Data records

--------------------------------

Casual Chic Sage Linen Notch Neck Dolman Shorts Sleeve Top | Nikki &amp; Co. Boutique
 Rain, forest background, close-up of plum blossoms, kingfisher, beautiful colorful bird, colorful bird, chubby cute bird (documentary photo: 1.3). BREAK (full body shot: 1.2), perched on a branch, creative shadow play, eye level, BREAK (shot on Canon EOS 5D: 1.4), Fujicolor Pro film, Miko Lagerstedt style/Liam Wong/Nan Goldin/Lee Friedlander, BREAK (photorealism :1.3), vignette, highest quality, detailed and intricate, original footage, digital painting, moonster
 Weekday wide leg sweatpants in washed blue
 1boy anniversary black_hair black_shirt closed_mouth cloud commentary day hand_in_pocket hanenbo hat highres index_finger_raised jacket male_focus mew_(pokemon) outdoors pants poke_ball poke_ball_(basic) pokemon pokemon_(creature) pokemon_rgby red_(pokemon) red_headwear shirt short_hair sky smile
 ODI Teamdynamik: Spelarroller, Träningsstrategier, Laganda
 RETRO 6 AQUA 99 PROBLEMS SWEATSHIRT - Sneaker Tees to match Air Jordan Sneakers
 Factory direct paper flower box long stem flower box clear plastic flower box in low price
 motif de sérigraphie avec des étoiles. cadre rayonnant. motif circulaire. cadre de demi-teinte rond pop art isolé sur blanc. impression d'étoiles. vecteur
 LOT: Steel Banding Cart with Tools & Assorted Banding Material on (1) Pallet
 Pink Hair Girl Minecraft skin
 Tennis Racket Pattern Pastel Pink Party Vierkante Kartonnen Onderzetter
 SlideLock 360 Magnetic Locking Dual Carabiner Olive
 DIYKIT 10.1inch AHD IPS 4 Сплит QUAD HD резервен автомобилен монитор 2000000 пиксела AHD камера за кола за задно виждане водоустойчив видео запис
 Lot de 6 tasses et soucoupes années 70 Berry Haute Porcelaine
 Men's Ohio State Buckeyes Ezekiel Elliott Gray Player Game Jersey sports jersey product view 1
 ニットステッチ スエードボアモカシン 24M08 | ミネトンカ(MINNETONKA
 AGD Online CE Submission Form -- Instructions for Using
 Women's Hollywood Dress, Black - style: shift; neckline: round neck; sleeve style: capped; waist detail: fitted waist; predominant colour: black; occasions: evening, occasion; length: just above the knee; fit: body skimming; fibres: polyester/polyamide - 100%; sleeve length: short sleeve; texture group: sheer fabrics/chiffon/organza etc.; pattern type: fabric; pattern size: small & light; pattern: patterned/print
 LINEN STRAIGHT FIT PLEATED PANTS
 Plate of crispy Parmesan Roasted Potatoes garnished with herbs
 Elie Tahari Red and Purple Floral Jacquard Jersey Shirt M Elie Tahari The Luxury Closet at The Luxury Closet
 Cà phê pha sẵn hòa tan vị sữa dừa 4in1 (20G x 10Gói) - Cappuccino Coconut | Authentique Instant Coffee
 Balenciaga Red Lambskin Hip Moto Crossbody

--------------------------------

• **Task requirements**: Look above for the line holding "motif de sérigraphie". Print it and every line after it, exactly, through the line holding "SlideLock 360 Magnetic".

• **Written answer**:
 motif de sérigraphie avec des étoiles. cadre rayonnant. motif circulaire. cadre de demi-teinte rond pop art isolé sur blanc. impression d'étoiles. vecteur
 LOT: Steel Banding Cart with Tools & Assorted Banding Material on (1) Pallet
 Pink Hair Girl Minecraft skin
 Tennis Racket Pattern Pastel Pink Party Vierkante Kartonnen Onderzetter
 SlideLock 360 Magnetic Locking Dual Carabiner Olive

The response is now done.